"La Fédération Wallonie-Bruxelles n’acceptera pas un contrôle flamand sur les écoles francophones de la périphérie"

Le gouvernement de la Fédération Wallonie-Bruxelles n'acceptera en aucune manière que la Flandre exerce une quelconque forme de contrôle sur les écoles francophones de la périphérie bruxelloise qu'elle subsidie. Le ministre-président Pierre-Yves Jeholet (MR) a rappelé que la Flandre avait déjà tenté cette démarche il y a dix ans mais qu’elle avait été annihilée par la Cour constitutionnelle.

Le mois dernier, le ministre flamand de l'Enseignement Ben Weyts (N-VA) avait annoncé avoir commandité une enquête sur dix écoles francophones de la périphérie bruxelloise pour vérifier qu'elles atteignent bien les compétences finales déterminées par la législation flamande. 

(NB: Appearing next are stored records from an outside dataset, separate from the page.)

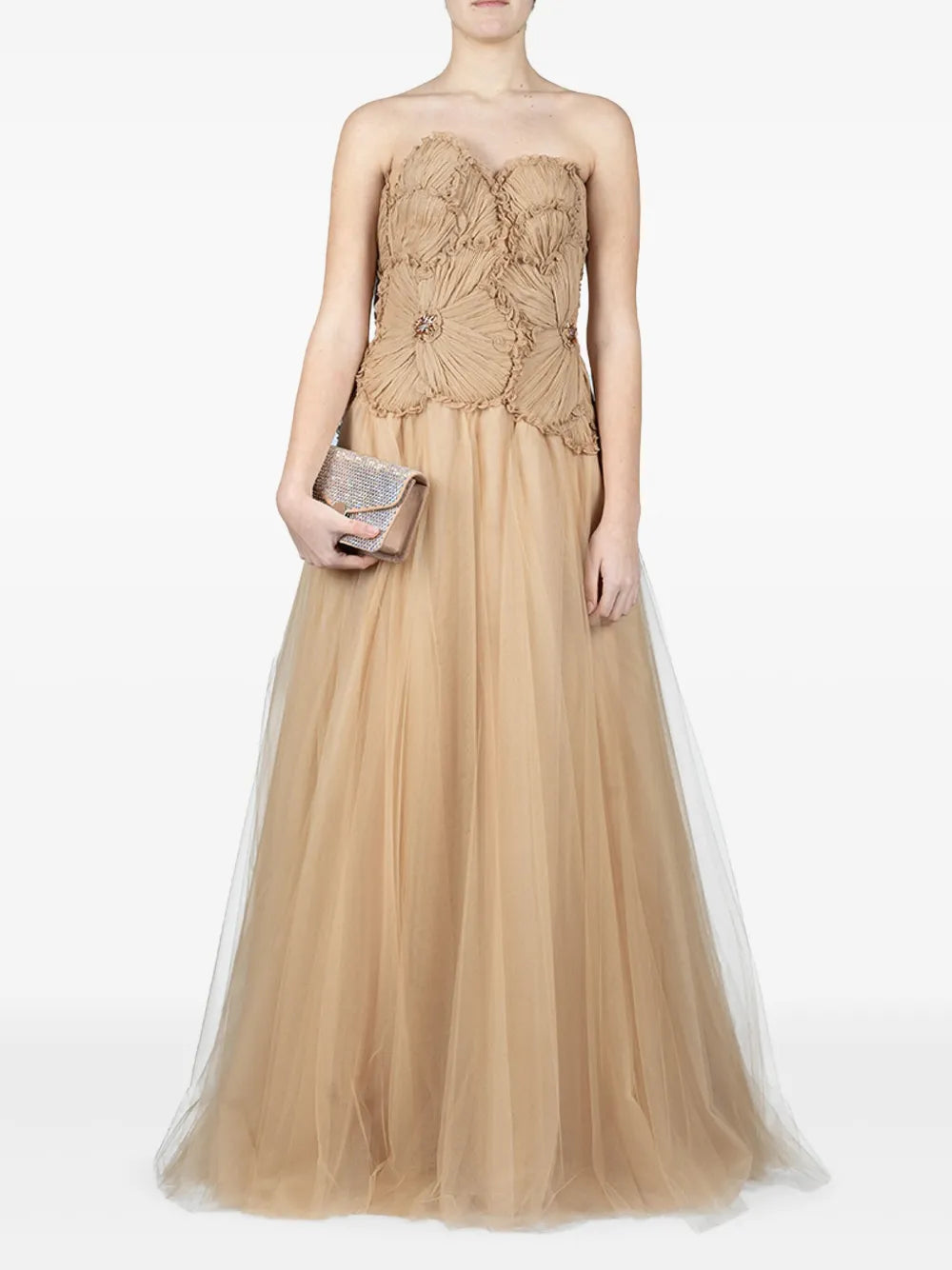 Edra Gown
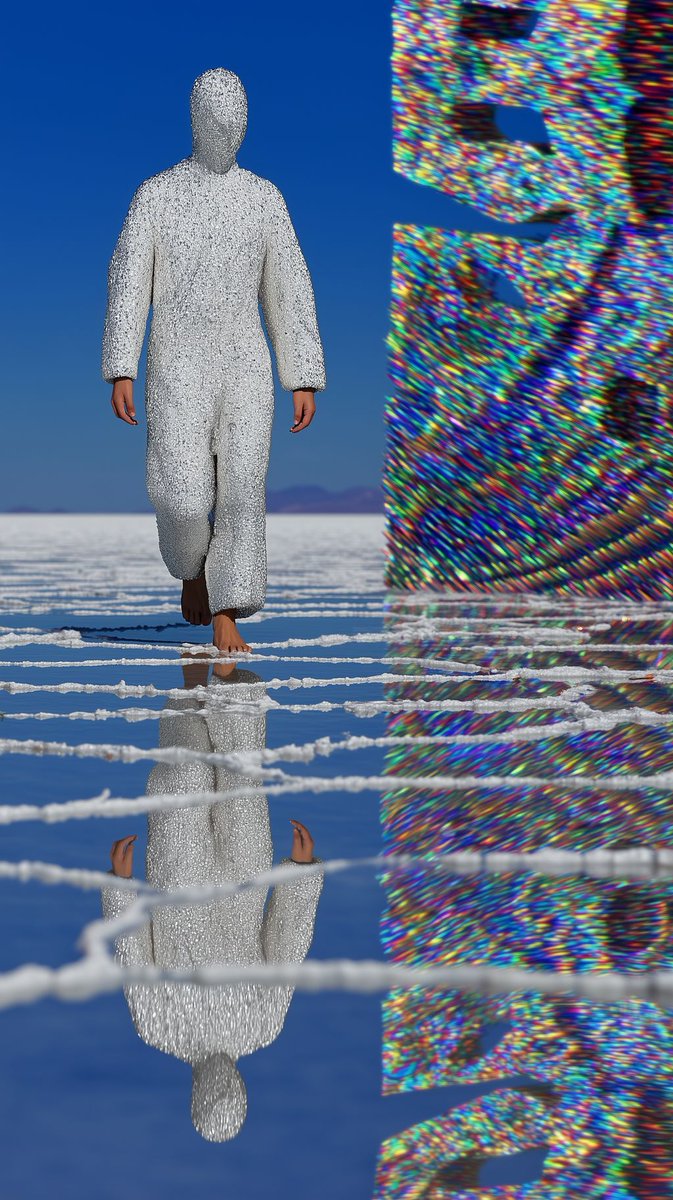 existencegames_'s tweet image. Hypercolor futures

#midjourney #visualart #digitalartist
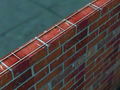 Masonry Wall Reinforced Mesh 4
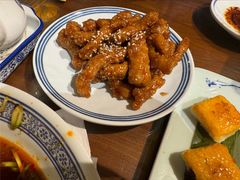 -龍聚祥烧麦馆(万达店)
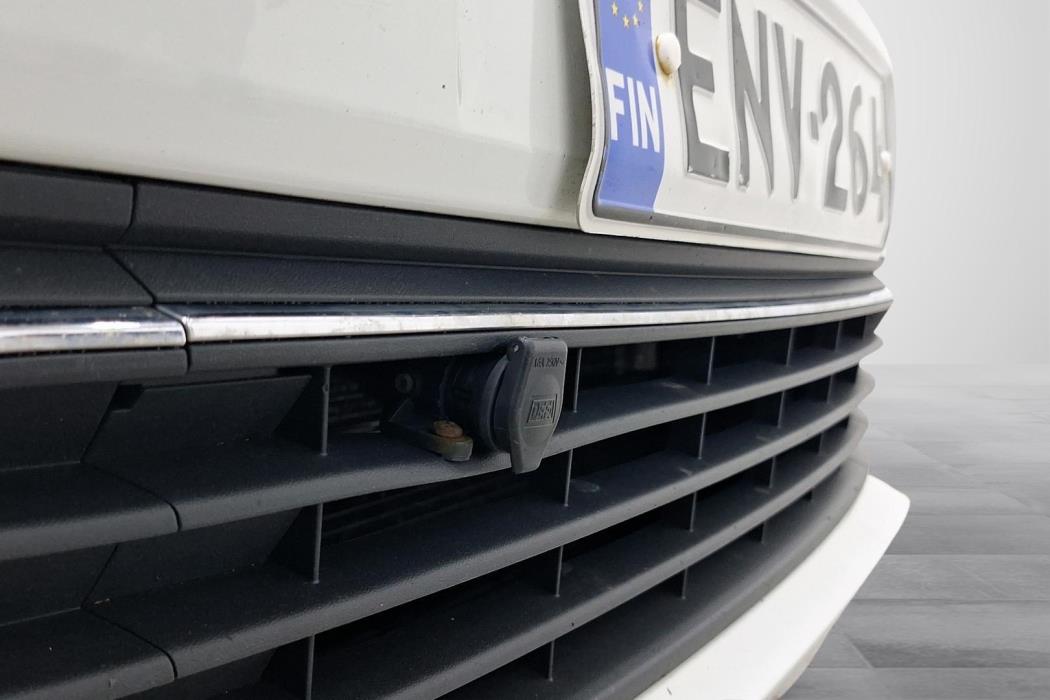 Volkswagen Polo 2016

Ces écoles sont subsidiées à hauteur de 13 millions d'euros par les autorités flamandes, mais suivent les objectifs pédagogiques fixés par la Communauté française. Elles sont d'ailleurs soumises au contrôle des inspecteurs de l'enseignement de la FWB. 

Chaque année, ces écoles doivent demander une dérogation à la Flandre pour pouvoir agir de la sorte, mais le ministre Ben Weyts veut maintenant conditionner cette dérogation à une enquête de qualité préalable. 

Interrogé lundi en commission du Parlement de la Fédération Wallonie-Bruxelles par la députée Alda Greoli (CDH) sur l'annonce flamande, le ministre-président Pierre-Yves Jeholet (MR) a rappelé que la Flandre avait déjà tenté il y a un peu plus de dix ans de faire passer ces mêmes écoles sous le contrôle des services flamands de l'inspection de l'enseignement, mais que ces velléités avaient été annihilées par la Cour constitutionnelle. 

"Le gouvernement de la Fédération n'acceptera évidemment aucun recul par rapport à cette situation (établie par la Cour constitutionnelle, ndlr)", a assuré lundi le ministre-président. Selon lui, le gouvernement flamand ne peut d'ailleurs refuser ces demandes de dérogation introduites par les écoles concernées.